Stottlemyre has been in direct charge of Finch’s pitching regimen. His own playing career ended in the spring of 1975 with a rotator-cuff injury, which makes him especially sensitive to the strain that a pitching motion can put on the arm. Although as close-lipped as the rest of the staff, Stottlemyre does admit that Finch has developed a completely revolutionary pitching style. He told SI: “I don’t understand the mechanics of it. Anyone who tries to throw the ball that way should fall flat on his back. But I’ve seen it. I’ve seen it a hundred times. It’s the most awesome thing that has ever happened in baseball.”

According to Stewart, Plimpton and Mets owner Nelson Doubleday were friends. “He (Plimpton) had carte blanche to make up quotes for everybody,” said Stewart. “He had the blessing of the owner and you can’t underestimate the ability of Plimpton being able to make up quotes.”

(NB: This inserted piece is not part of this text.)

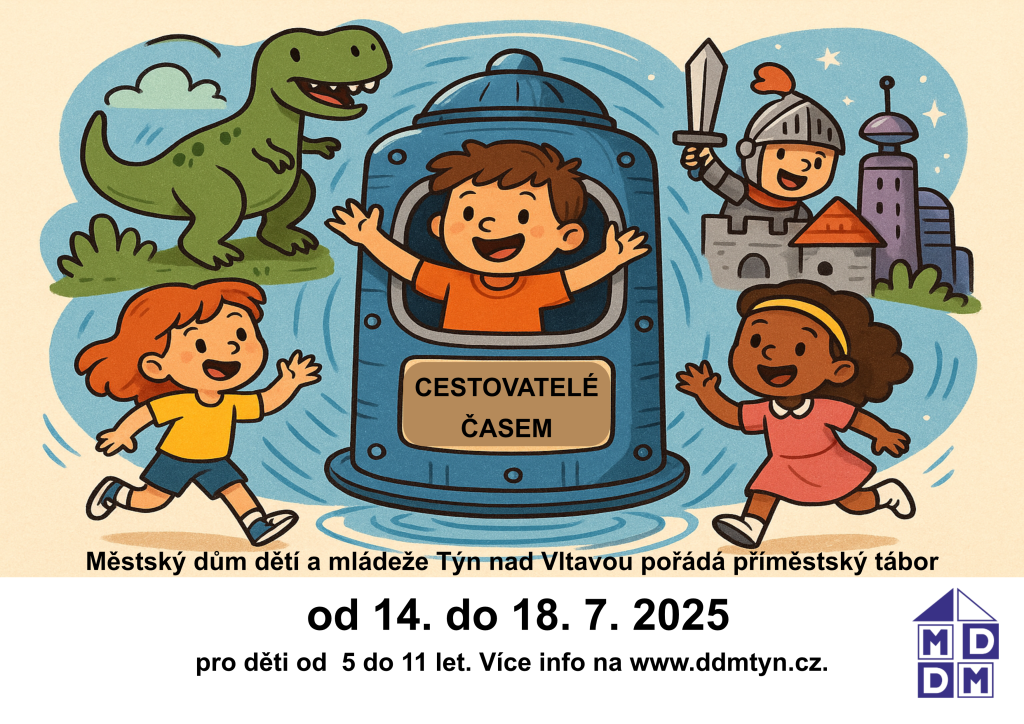 Příměstský tábor CESTOVATELÉ ČASEM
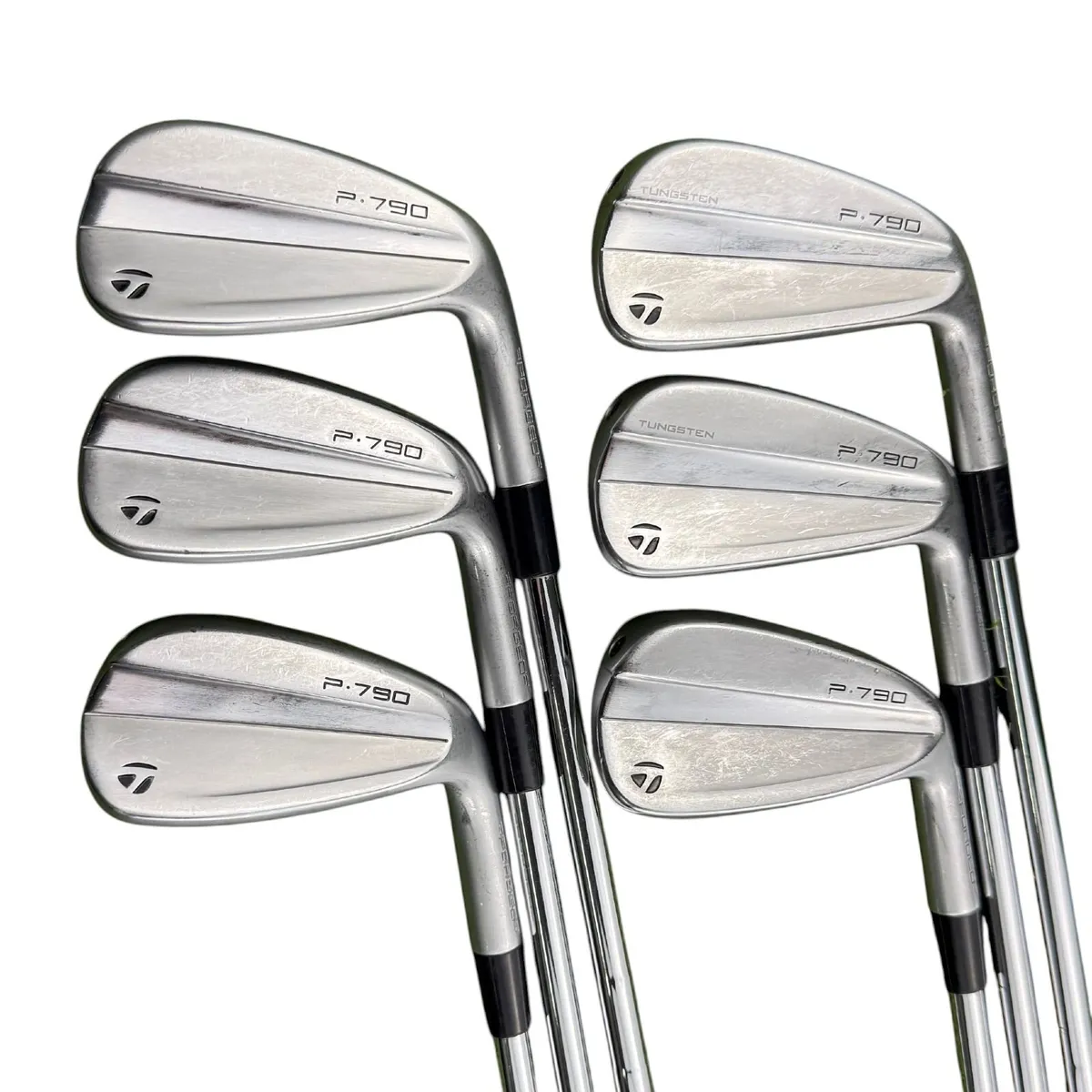 Taylormade P790 2023 Irons / 6-Pw-Aw / Regular - Image 2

The Mets had issued an official team uniform to Stewart and Berton. “So I went down there with my ‘kit,’ my bag of costumes essentially and combined them with the Mets official uniform and we just set up a number of scenarios,” remembers Berton.

“The players had no idea what we were doing,” remembers Berton. “I think they just looked at us as being friends of Nelson Doubleday and don’t worry about it. But when you start playing a French Horn and start goofing around with Lenny Dykstra and Kevin Mitchell, Davey Johnson is looking down wondering, ‘What the hell is going on down there?’”

siddfinch_02“The organization was clueless,” confessed Stewart.

The carefree attitude of the Mets public relations department only encouraged Stewart and Berton. The pair purchased rub on letters from a local hardware story in Florida and staged a shot in the Mets clubhouse. “We were able to manipulate the locker next to George Foster to make it look like Sidd Finch was right there,” said Berton.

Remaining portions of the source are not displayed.